Waarom is de omvang van de missie in Mali niet aangepast aan de beschikbaarheid van materieel?

Voorziet u meer tekorten aan materieel voor de militairen in Mali het komende jaar? Zo ja, hoe gaat u deze voorkomen? Gaat u dergelijke problemen voortaan op eigen initiatief aan de Kamer melden?

Antwoord 1, 2, 6, 10 en 11

De taken van de Special Operations Land Task Group (SOLTG) in MINUSMA zijn in december 2016 overgenomen door de Long Range Reconnaissance Patrol Task Group(LRRPTG). Deze eenheid is groter dan de SOLTG en heeft een andere samenstelling en uitrusting. Dergelijke aflossingen van grote eenheden over lange afstand zijn logistiek uitdagend en enige vertraging is niet uit te sluiten. De benodigde uitrusting en het materieel voor de eenheid zijn inmiddels in het operatiegebied aanwezig. Tevens verwijs ik u ook naar het antwoord op de schriftelijke vragen van lid De Roon (ingezonden op 28 december 2016 met kenmerk 2016Z25007, beantwoord op 19 januari).

Vraag 3 en 7

Klopt het dat dit tot frustraties bij soldaten leidt?

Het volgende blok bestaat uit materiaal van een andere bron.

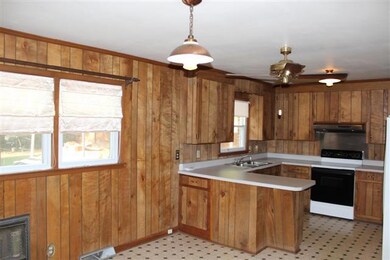 221 Adams Ln, Bell Buckle, TN 37020 - photo 4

Klopt de opmerking van commandant Ron Sensen dat de militairen minder kunnen doen dan ze eigenlijk zouden willen?

Antwoord 3 en 7

Dat militairen tijdens de ontplooiing zo snel aan de slag willen, tekent hun gedrevenheid. Het personeel van de LRRPTG is zeer gemotiveerd, zo is ook gebleken uit eerdere onderzoeken. Daarnaast verwijs ik u naar de antwoorden op vraag 1, 2, 6, 10 en 11.

Vraag 4 en 5

Klopt het dat er als gevolg van deze tekorten drie van de vijf groepen verkenningen kunnen doen in plaats van vijf?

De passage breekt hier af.